DATA BELOW:
• • • • • • •
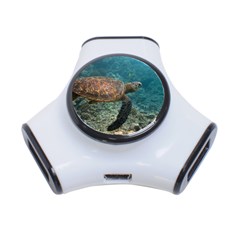 Sea Turtle 3 3-port Usb Hub by trendistuff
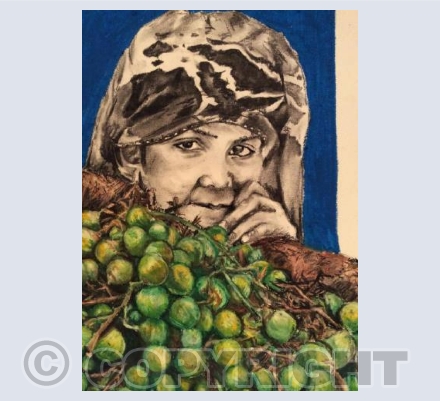 Eli. The Fruit Seller's Daughter 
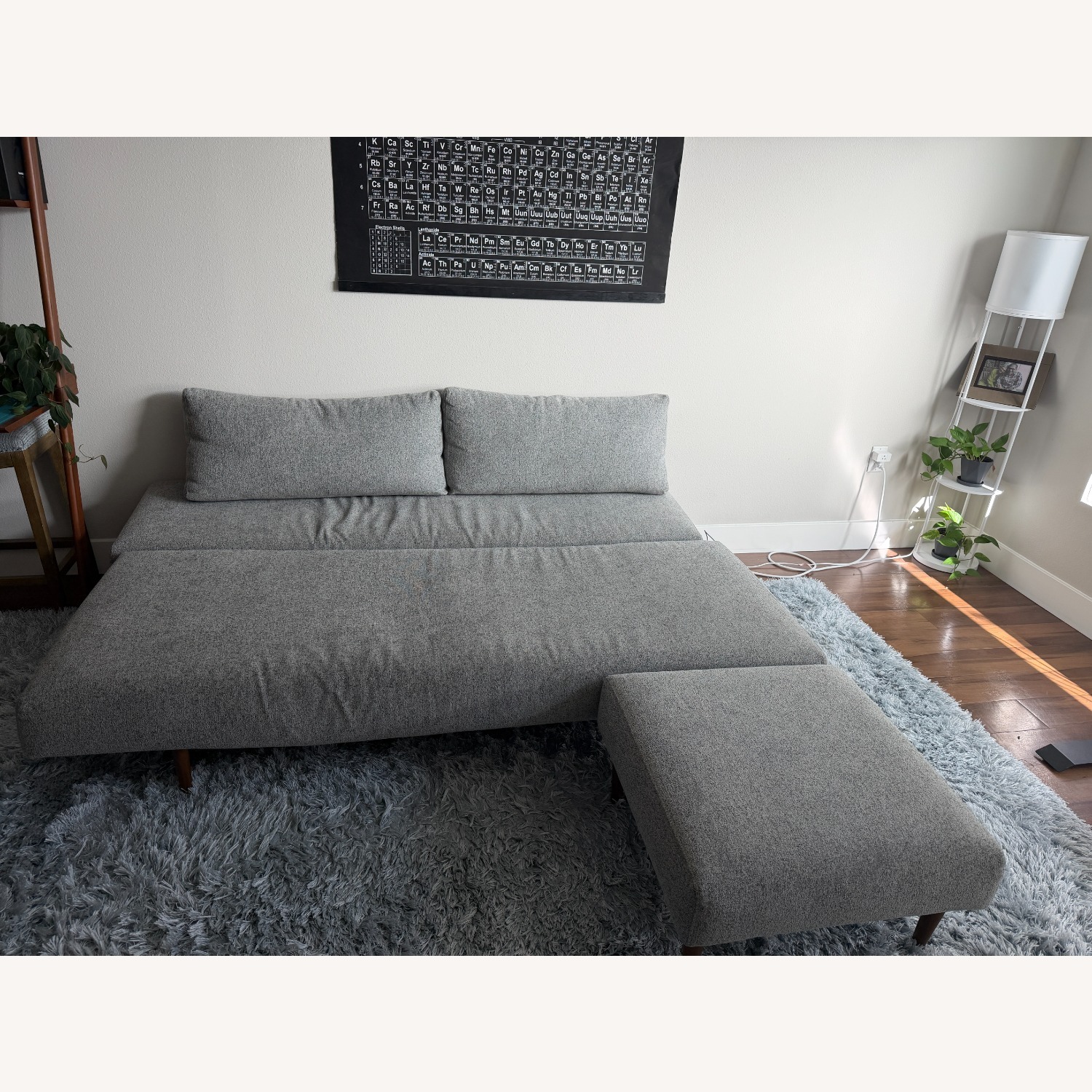 Scandinavian Designs Ella Sofa and Ottoman  - image-6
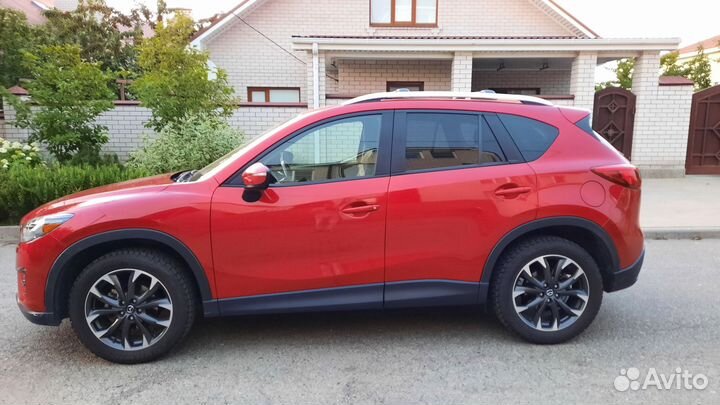 Mazda CX-5 2.5 AT, 2016, 88 000 км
• • • • • • •
WHAT TO PRODUCE: With pictures excluded, restate word for word the lines from the one that contains "Eli. The Fruit Seller's Daughter" through the end of the material, inclusive, and nothing more.

EXERCISE RESPONSE:
 Eli. The Fruit Seller's Daughter 
 Scandinavian Designs Ella Sofa and Ottoman  - image-6
 Mazda CX-5 2.5 AT, 2016, 88 000 км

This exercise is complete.